The second important finding of our study was the association between obesity and fibrosis severity in NAFLD patients. We compared the prevalence of obesity and the histological severity of NAFLD. As shown in Supplementary Fig. 2, whereas the prevalence of obesity increased with the progression of fibrosis in males, the prevalence remained at approximately 70 % in all age groups of females.

It has been reported that 42–72 % of patients with NAFLD, including NASH, have dyslipidemia [37, 38]. Consist with these reports, dyslipidemia was present in 65.7 % of patients in our study, including hypertriglyceridemia in 45.3 %, increased serum low-density lipoprotein cholesterol in 37.5 %, and decreased serum high-density lipoprotein cholesterol in 19.5 % of patients. However, as the third important finding of our study, dyslipidemia tended to decrease in prevalence as the fibrosis stage progressed. Multivariate analysis revealed a negative correlation between the serum triglyceride levels and the fibrosis stage (OR = 0.5687, 95 % CI 0.394–0.821). This result may reflect a deterioration of lipid metabolism with the progression of liver fibrosis towards liver cirrhosis.

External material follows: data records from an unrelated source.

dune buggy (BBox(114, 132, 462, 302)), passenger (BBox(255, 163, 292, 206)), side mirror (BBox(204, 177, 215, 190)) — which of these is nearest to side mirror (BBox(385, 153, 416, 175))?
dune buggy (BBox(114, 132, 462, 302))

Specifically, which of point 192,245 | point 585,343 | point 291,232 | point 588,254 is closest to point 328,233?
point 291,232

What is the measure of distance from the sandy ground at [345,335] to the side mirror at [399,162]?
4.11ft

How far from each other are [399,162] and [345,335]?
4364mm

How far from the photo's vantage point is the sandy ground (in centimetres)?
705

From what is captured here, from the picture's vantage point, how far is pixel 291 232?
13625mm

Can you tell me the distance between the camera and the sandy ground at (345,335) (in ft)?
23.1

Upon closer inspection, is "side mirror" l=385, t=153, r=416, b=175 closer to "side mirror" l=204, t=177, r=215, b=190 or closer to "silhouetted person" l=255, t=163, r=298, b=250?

The fourth finding of our study was the recognition of a relationship between hypertension and the fibrosis severity in NAFLD patients. In our NAFLD population, hypertension was present in 30.2 %. Whereas no obvious trends in the prevalence of hypertension were observed in females, comparison of the relationship between the prevalence of hypertension and the stage of fibrosis, except for Stage 4, revealed a tendency towards increase in the prevalence of hypertension with progression of the fibrosis stage. In general, blood pressure is considered to have an effect on the rate of progression of NAFLD. Systolic and diastolic blood pressures have been reported to be correlated with the liver fat content, and patients with systolic hypertension were reported to be correlated with the liver fat contents, and patients with systolic hypertension were reported to show a two-fold higher risk of development of NAFLD [39]. As shown in Fig. 3, the decrease in the rate of hypertension in NAFLD patients with Stage 4 liver fibrosis might be, at least in part, attributable to the hyperdynamic circulation, characterized by peripheral vasodilation and increased portal resistance, observed in patients with liver cirrhosis [40, 41].

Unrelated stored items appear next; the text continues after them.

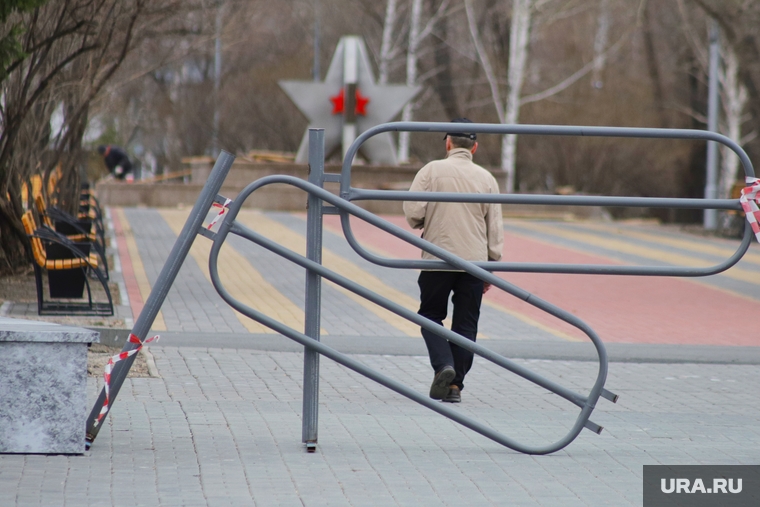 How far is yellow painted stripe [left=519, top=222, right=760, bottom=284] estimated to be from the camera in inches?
634

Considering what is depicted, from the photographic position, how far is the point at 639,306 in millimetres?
12906

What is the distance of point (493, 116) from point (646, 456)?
31953 mm

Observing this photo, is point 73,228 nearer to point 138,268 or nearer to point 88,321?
point 138,268

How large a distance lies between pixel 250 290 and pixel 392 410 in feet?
20.5

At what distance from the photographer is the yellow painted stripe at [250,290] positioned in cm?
1065

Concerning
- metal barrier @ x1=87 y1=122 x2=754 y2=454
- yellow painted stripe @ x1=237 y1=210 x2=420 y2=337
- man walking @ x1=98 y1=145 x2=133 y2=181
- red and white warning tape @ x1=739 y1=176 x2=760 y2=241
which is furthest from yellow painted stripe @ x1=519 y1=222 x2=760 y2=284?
man walking @ x1=98 y1=145 x2=133 y2=181

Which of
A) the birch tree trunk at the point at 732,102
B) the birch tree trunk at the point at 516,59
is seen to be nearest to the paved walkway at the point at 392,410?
the birch tree trunk at the point at 516,59

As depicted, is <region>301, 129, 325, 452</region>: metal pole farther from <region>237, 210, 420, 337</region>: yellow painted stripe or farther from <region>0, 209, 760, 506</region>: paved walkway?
<region>237, 210, 420, 337</region>: yellow painted stripe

Impaired glucose tolerance is well known to accompany NAFLD. While it appears clear that abnormal glucose tolerance, including DM, is a risk factor for NAFLD and vice versa, the relationship between abnormal glucose tolerance and the histological severity of NAFLD is still unknown. The fifth finding in our study was that the prevalence of DM increased with progression of the fibrosis stage (Fig. 4). Multivariate analysis identified DM as an independent risk factor for advanced fibrosis (OR = 2.8573, 95 % CI 1.941–4.207). In vitro, high glucose and high insulin concentrations, which are often observed in patients with NAFLD, were shown to stimulate connective tissue growth factor expression, which is known as one of the important mechanisms involved in the progression of hepatic fibrosis [42]. Furthermore, the cirrhotic condition is suspected to facilitate the development of hyperinsulinemia and hyperglycemia via the deteriorated liver function [43, 44]. Taken together, it would be reasonable to consider DM as both a cause and result of NAFLD [45].

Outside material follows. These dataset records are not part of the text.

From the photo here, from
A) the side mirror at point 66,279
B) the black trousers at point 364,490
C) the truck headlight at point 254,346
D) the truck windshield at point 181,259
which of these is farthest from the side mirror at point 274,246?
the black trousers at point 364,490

In conclusion, we have reported the prevalences of lifestyle-related diseases, such as obesity, dyslipidemia, hypertension, and DM, in NAFLD patients according to the stage of fibrosis. Multivariate analysis identified DM as a significant risk factor for advanced fibrosis. Accordingly, impaired glucose tolerance, including DM, should be properly evaluated and managed for preventing the progression of NAFLD, even in the early stages of NASH.